The Santa Fe Opera, in conjunction with the Rio Metro Regional Transit District, is launching a late-night train service on Saturdays during the opera’s 2025 summer season from June 28 through Aug. 23.

The service will be accompanied by a shuttle that brings patrons to the opera house from the Rail Runner Santa Fe Depot and back to the station after the night’s performance.

“Albuquerque is such an important community for not only New Mexico, but for the Santa Fe Opera,” said Robert Meya, the Santa Fe Opera general director. “We wanted to provide a better way of getting to the opera and home, particularly after some late-night performances.”

The train will make the regular stops between the Santa Fe Depot and Albuquerque. Tickets will be $25 round-trip, which includes the train and shuttle service, at santafeopera.org.

“We were able to come up with a price that we felt would be accessible for a large number of people,” Meya said.

The shuttle service back to the station will begin 15 minutes after the night’s opera ends, and precautions are being set in place to ensure that no patron misses their train home.
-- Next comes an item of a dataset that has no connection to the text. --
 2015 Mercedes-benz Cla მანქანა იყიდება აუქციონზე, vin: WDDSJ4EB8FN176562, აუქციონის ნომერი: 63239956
Those who purchase the train ticket will be put on a list that will be checked on the shuttle to the opera and the shuttle back.
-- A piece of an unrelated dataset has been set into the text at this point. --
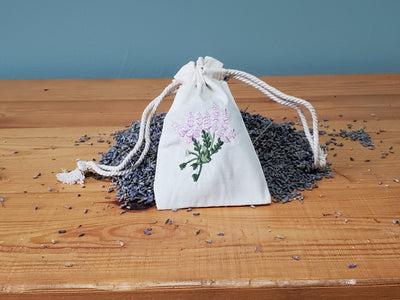 Lavender Sachets For Sleep Exton PA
“The drivers for the shuttles will have communication with the main dispatch with Rail Runner, and so the train will not leave until all the passengers have been returned to the railyard and are on board,” Meya said.

The train service will not be exclusive to those attending the opera, but available for any late-night goers in Santa Fe seeking a train back to Albuquerque. Meya said the Santa Fe Opera has been referring to it as “Summer Nights in Santa Fe” and hopes people will utilize the service to come up in the afternoons, grab dinner and explore Santa Fe nightlife.

The train back to Albuquerque will typically depart between 11 p.m. and 12:30 a.m., depending on performance runtime, with the longest-running show of the season, “Die Walküre,” which starts on July 26, having a predicted 1 a.m. departure.

The Santa Fe Opera aims to continue this partnership into future seasons to further enhance accessibility for attendees.

“This will be our first year doing it, but we have every intention of continuing it, as long as Rail Runner continues to be willing to work with us,” Meya said.